▶ **Description of the task**
Transcribe exactly the entries from the "A police officer" line to the end, both included, minus pictures.
Input data Block Start
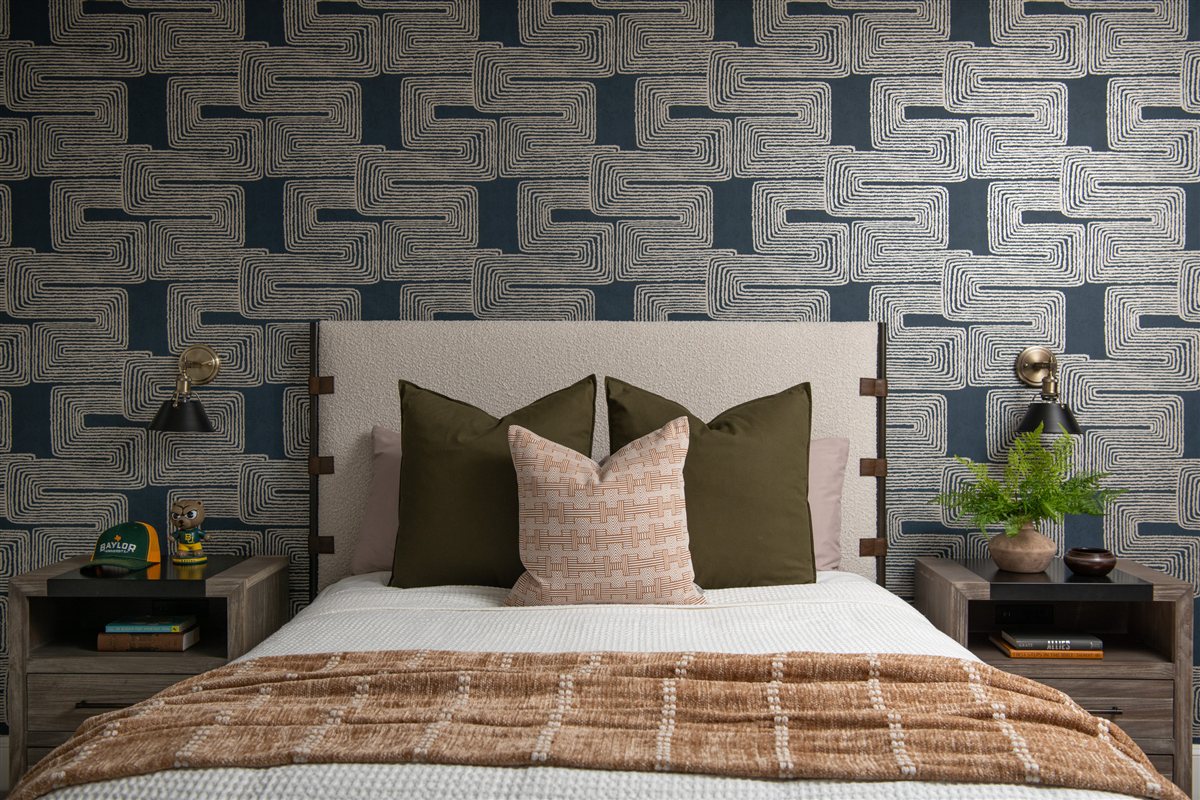 Upholstered bed against bold patterned wallpaper, Valencia Terrace renovation
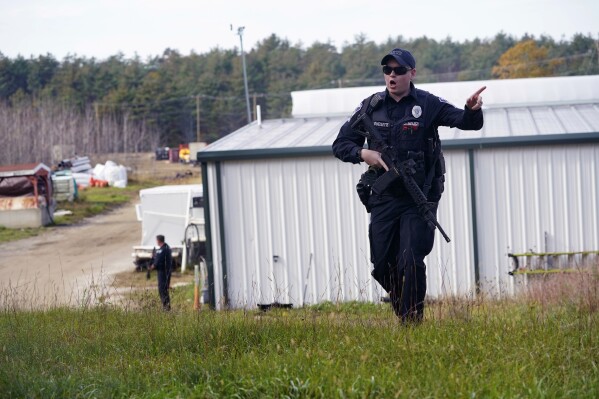 A police officer gives an order to the public during a manhunt for Robert Card at a farm following two mass shootings, Oct. 27, 2023, in Lisbon, Maine. (AP Photo/Robert F. Bukaty, File)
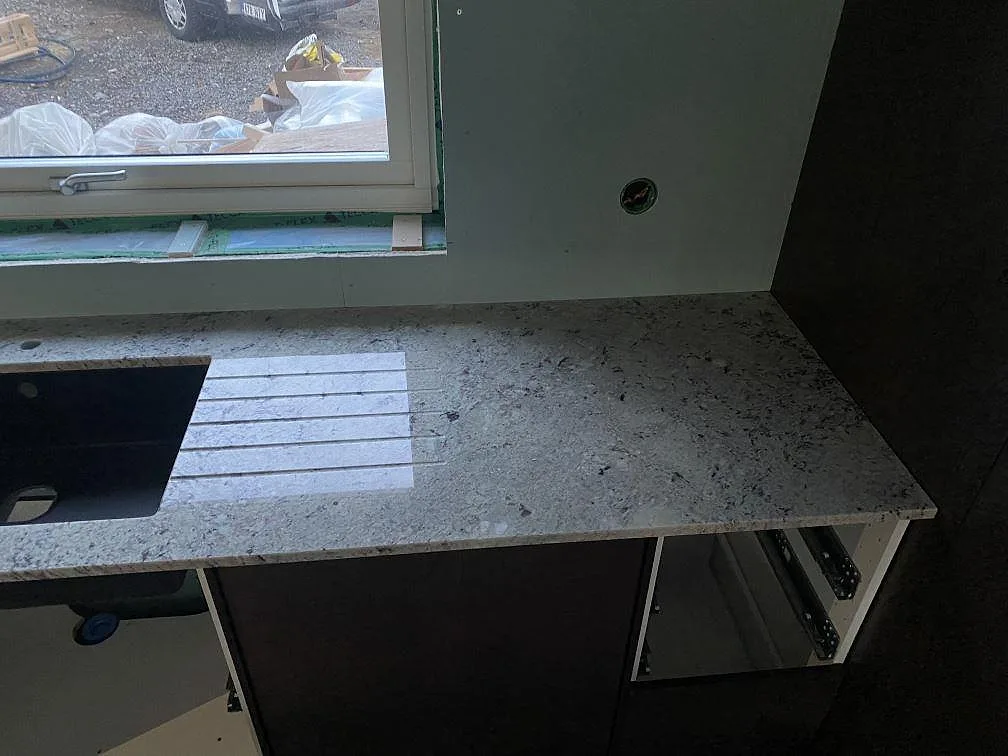 Antique White granit i polerad finish längs fönstervägg med mörk träinredning i ett kök i Falkenberg.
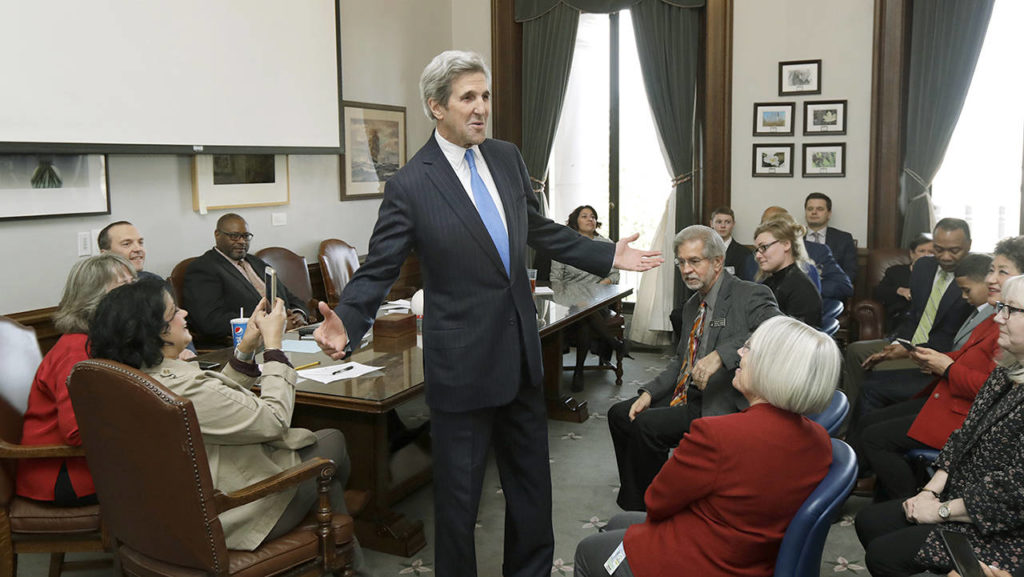 Former U.S. Secretary of State John Kerry greets members of the Washington State House Democratic Caucus on Tuesday. (Ted S. Warren / Associated Press)
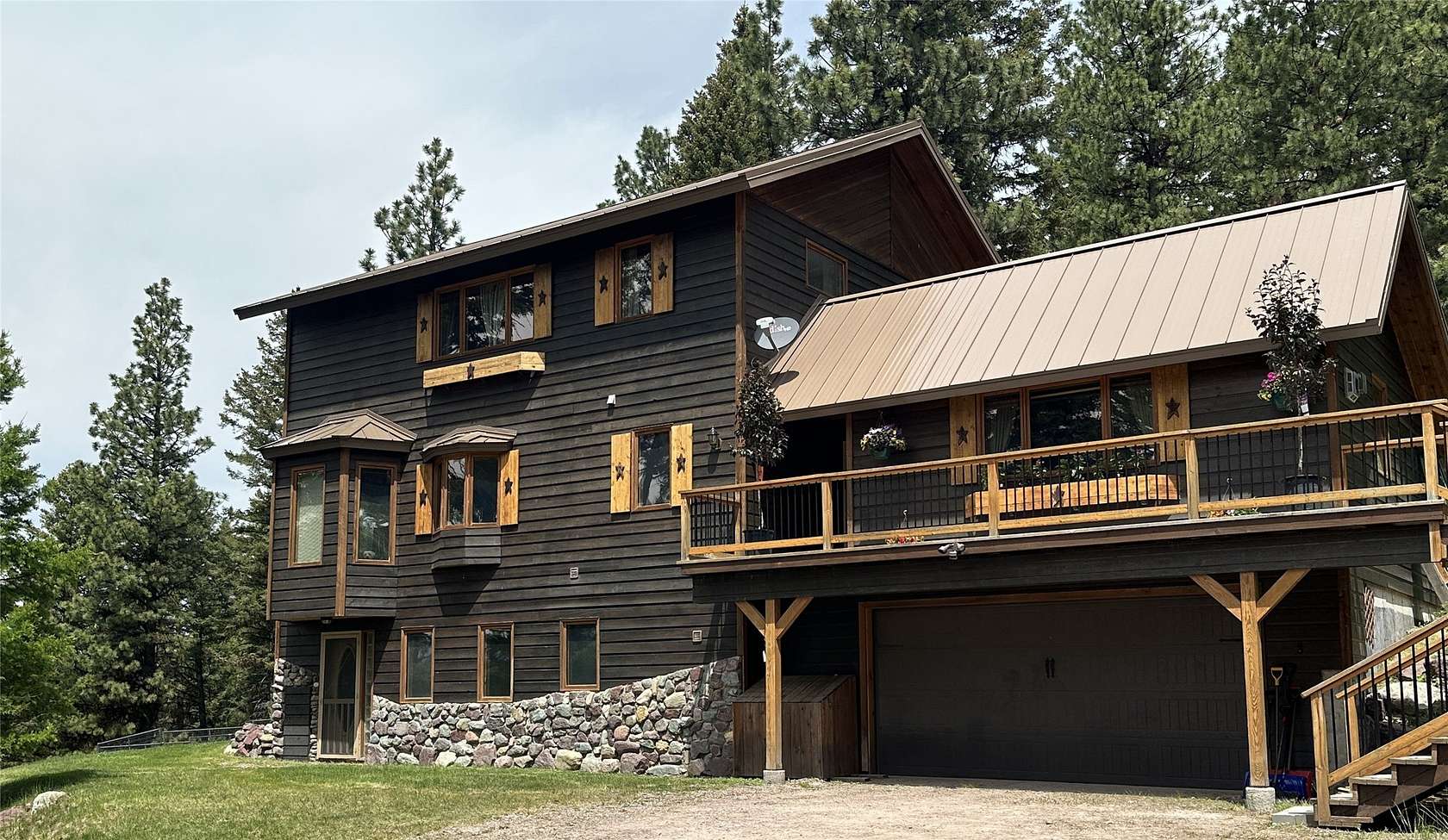 6 Acres of Residential Land with Home for Sale in Seeley Lake, Montana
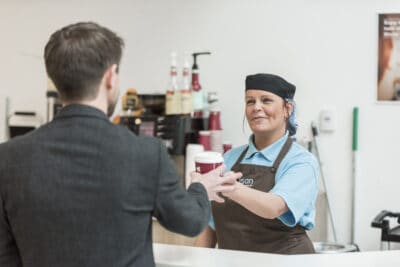 A man is shaking hands with a woman at a coffee shop.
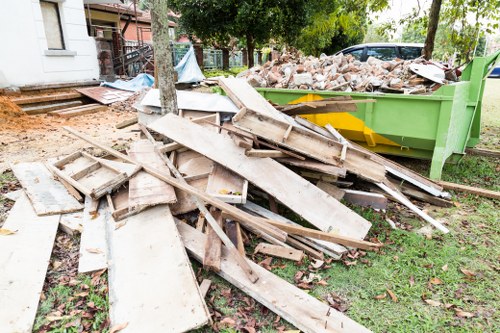 Image showing eco-friendly flat clearance team in Twickenham sorting items for recycling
Input data Block End
▶ **Exercise result**
 A police officer gives an order to the public during a manhunt for Robert Card at a farm following two mass shootings, Oct. 27, 2023, in Lisbon, Maine. (AP Photo/Robert F. Bukaty, File)
 Antique White granit i polerad finish längs fönstervägg med mörk träinredning i ett kök i Falkenberg.
 Former U.S. Secretary of State John Kerry greets members of the Washington State House Democratic Caucus on Tuesday. (Ted S. Warren / Associated Press)
 6 Acres of Residential Land with Home for Sale in Seeley Lake, Montana
 A man is shaking hands with a woman at a coffee shop.
 Image showing eco-friendly flat clearance team in Twickenham sorting items for recycling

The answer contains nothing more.